The press release states that the strategic partnership will,

“create new financial services experiences for collective user bases of millions of consumers and merchants worldwide.”

Chris Clark, Regional President of Visa in the Asia Pacific, is hopeful that the partnership can encourage the growth of an ecosystem that benefits multiple stakeholders,

As the LINE Pay team continues to enhance the utility of the LINE messaging application for consumers’ everyday lives, we are impressed by the potential of LINE’s distribution power and consumer loyalty to further drive the growth of the global, open-loop payments ecosystem to benefit all players on our network – consumers, merchants, and issuing and acquiring banks.

Youngsu Ko, CEO of LINE Pay and LINE’s Fintech Company, is keen on adding value to LINE, and a pioneering payments network is one of those additions,

LINE Pay is more than just a payment method. As we transition to a cashless society, LINE Pay is focused on delivering added value to LINE’s users around the world and business partners. With Visa’s global network and infrastructure, LINE Pay users will be able to enjoy the advantages of that innovative, worldwide network.
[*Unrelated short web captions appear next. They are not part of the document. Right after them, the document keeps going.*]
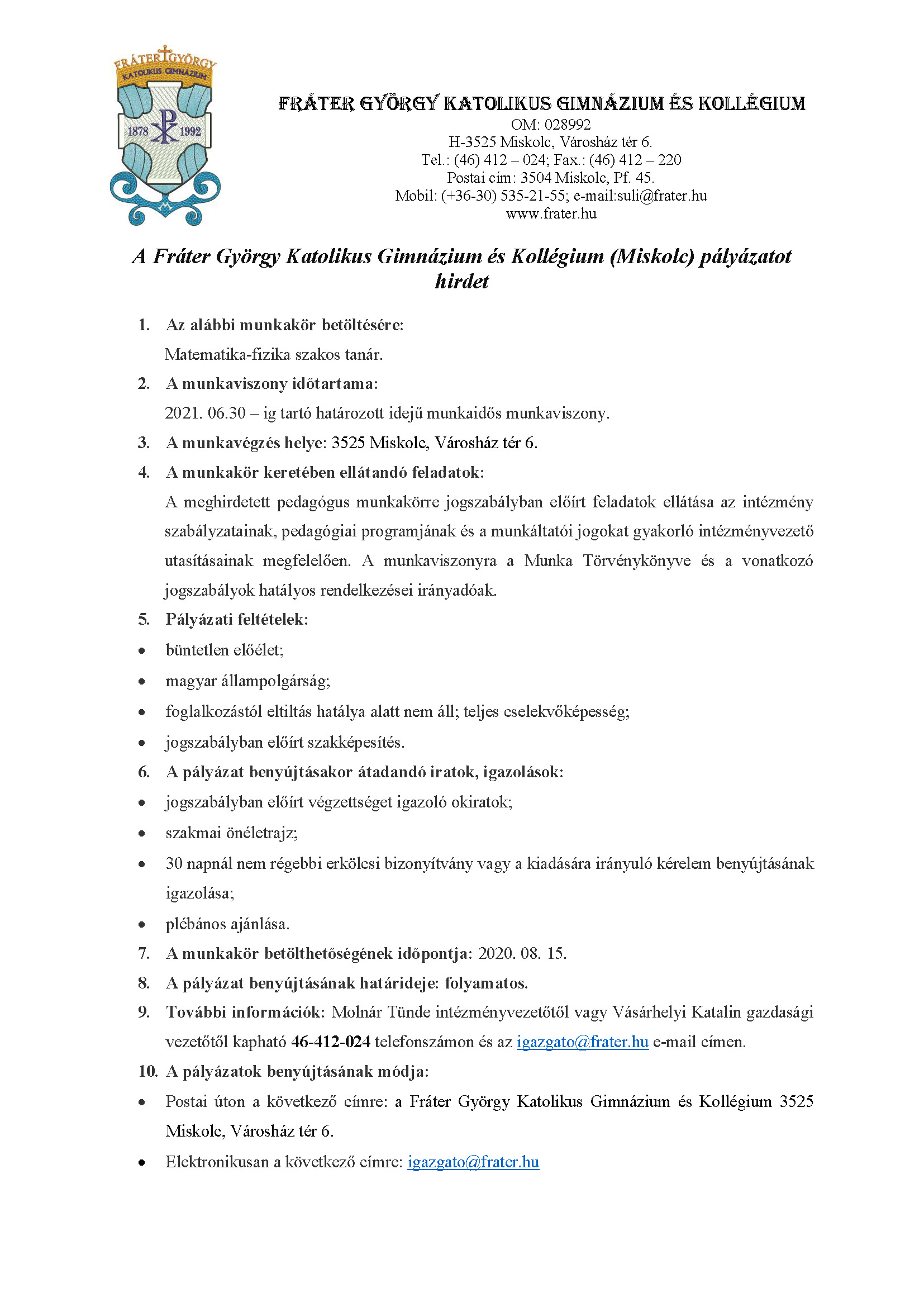 álláshirdetés 2 kép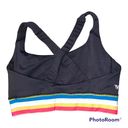 IVL Collective Black Striped Sports Bra size 6 Photo 3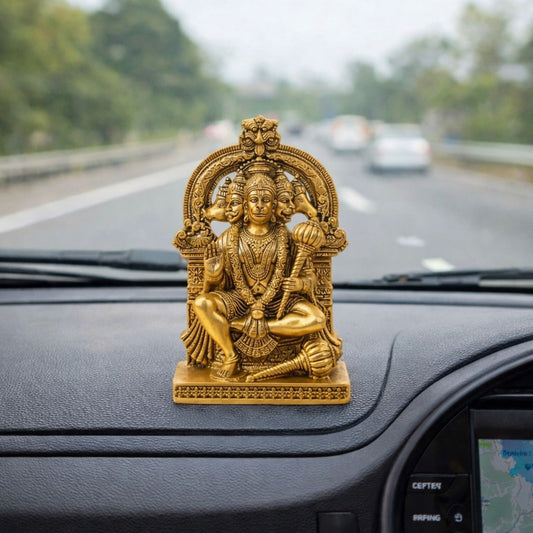 Panchmukhi Hanuman Idol for Car Dashboard | Spiritual Power & Protection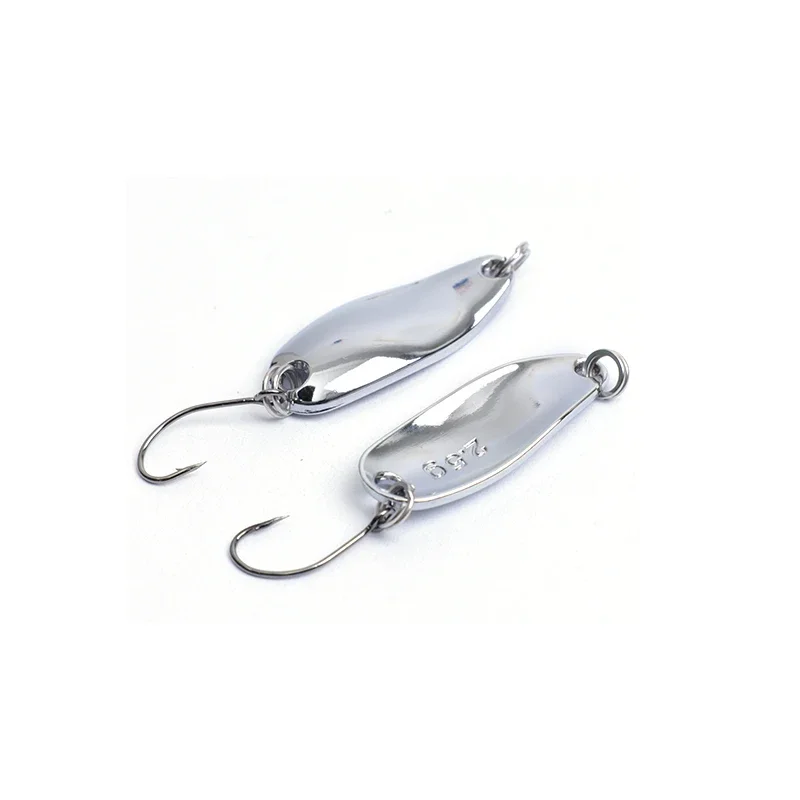 OUTKIT 1 Uds señuelo para trucha/bajo Spoonbait Spinners cuchara bobina Artificial/cebo duro lentejuelas para aparejos de pesca de carpa/Wobblers - imagen 4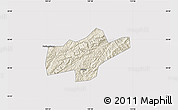 Shaded Relief Map of Jishou, cropped outside
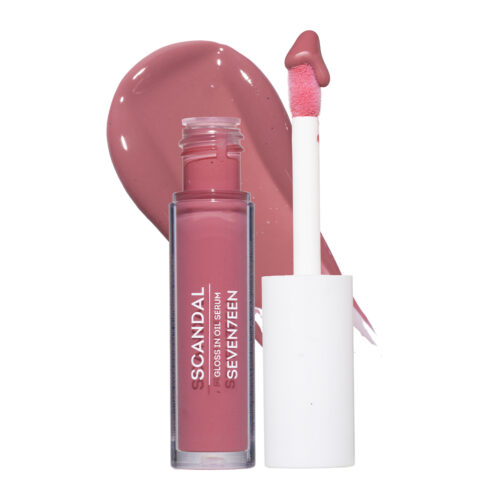Seventeen Scandal Gloss in Oil Serum Rose 06 5ml - Έλαιο-Ορός Χειλιών Για Περιποίηση & Έντονη Λάμψη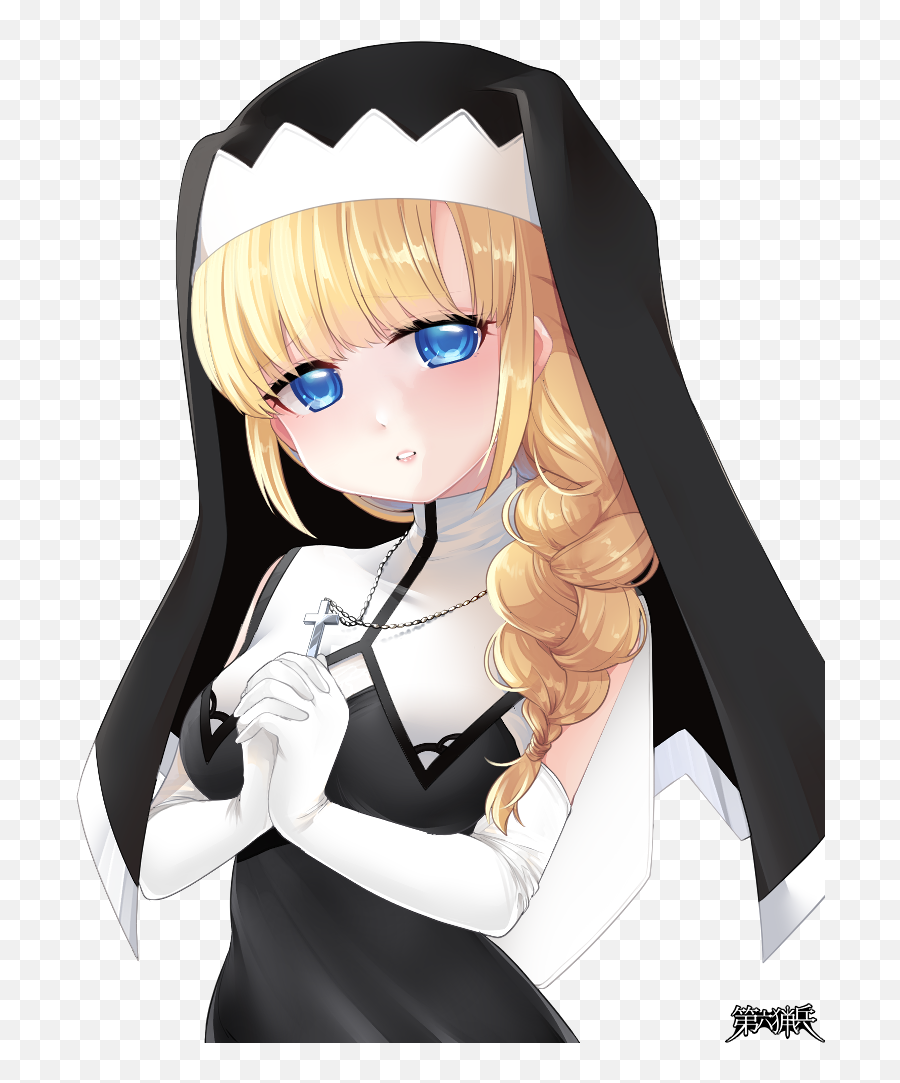 Nun Outfit Page 37 Of 71 - Zerochan Anime Image Board For Women Emoji,Soulworker Haru Estia Emotions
Social Platforms Getting into Crypto

There has been a surge in social platforms either having confirmed or are considering the creation of digital assets for their platform. Facebook is by far the most well-known of these, but others too exist: Russia’s equivalent of Facebook, VK, is also rumoured to be working on a cryptocurrency.

Kik, another messaging app, conducted a sale for its token KIN, but is now in hot waters after the US SEC filed a lawsuit against them for the token, which the regulators believe to be a security.